If people wanna discuss it that's their decision, my only issue is that it's far too early to rate Armstrong for any of this. How do we know Faulk won't continue to play like a #1 and be worth his contract in the end, or that Petro won't live up to his contract in Vegas. Heck, the Blues might get healthy and make another run this year. Nobody knows what will happen, so I feel like we're just going in circles in terms of what there is to discuss. Time will tell if Army made the right call, but it will likely take years to know for sure.
And we can say the Blues walked away from Petro but he also walked away from the team. I don't think he was 100% committed to coming back and he wanted to get as much money as he could. Nothing wrong with that, but I blame both sides equally. They each had a line they weren't willing to cross. Petro could have gone the MacKinnon route to help keep the band together but he wanted to cash in. Good for him. I think the signing bonus money + being a big fish in Vegas with no state tax was enough to lure him away from St. Louis. People act like it was 100% Army's decision to let him go, but I don't see it that way. Loyalty goes both ways.

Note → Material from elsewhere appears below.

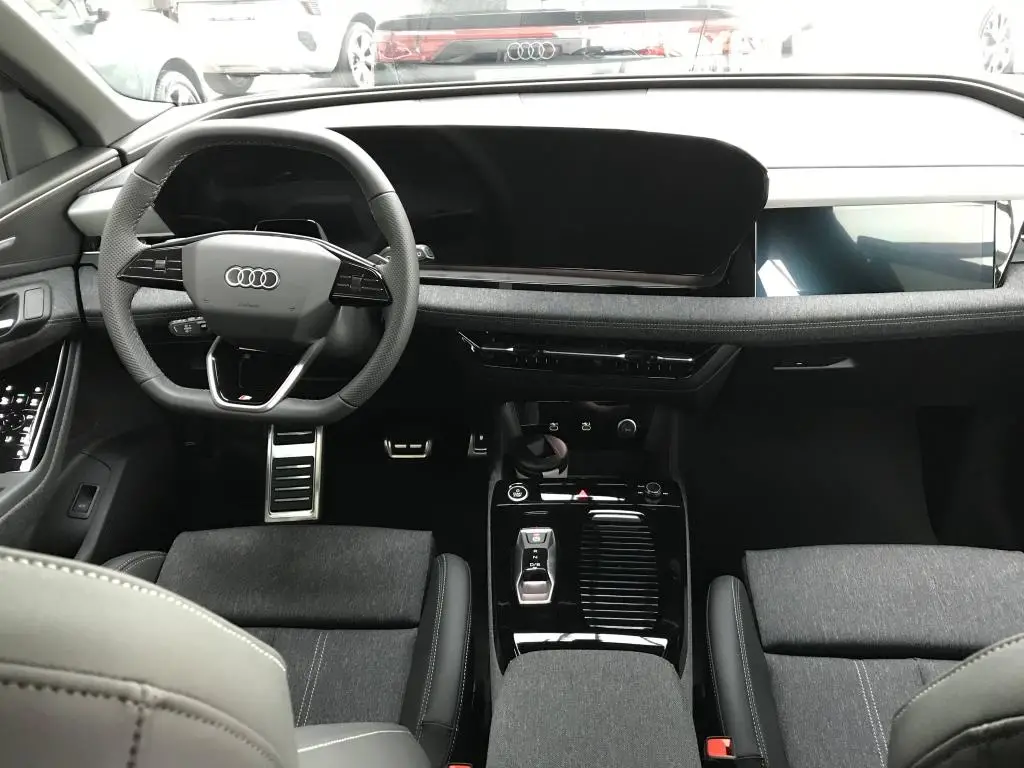 Audi Q6 SUV e-tron quattro 100kWh  / 315kW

Agree completely that the book on this is far from written, and that any discussion about Armstrong should be taking into account far more than this one isolated (and incomplete) issue. Also agree completely that both sides walked away from each other.
As an aside, I personally don't believe that the ends necessarily justify the means in terms of process validation. Good processes sometimes yield bad results, and bad processes sometimes yield good results, so I think it's worth looking at things early on to try to analyze the quality of the process before the results come in and bias the analysis with hindsight. (It's worth looking at results, too, but they should add context...not blind validation.)
Take the ROR trade for example. We don't need to know how that story ends to say that the move was a good one to make. We moved two cap dumps, a project prospect, and two picks for a #1 center with term. ROR could destroy both his knees tomorrow and end his career, and Thompson could turn it around and become a top 6 player, and I'd still call that a good trade that Armstrong should make 100% of the time the opportunity arises. Three years of Schenn for Lehtera and two picks was a no-brainer as well.
This particular situation isn't anywhere near as clear-cut as those are, which I think is one reason why the resulting opinions are a lot more diverse.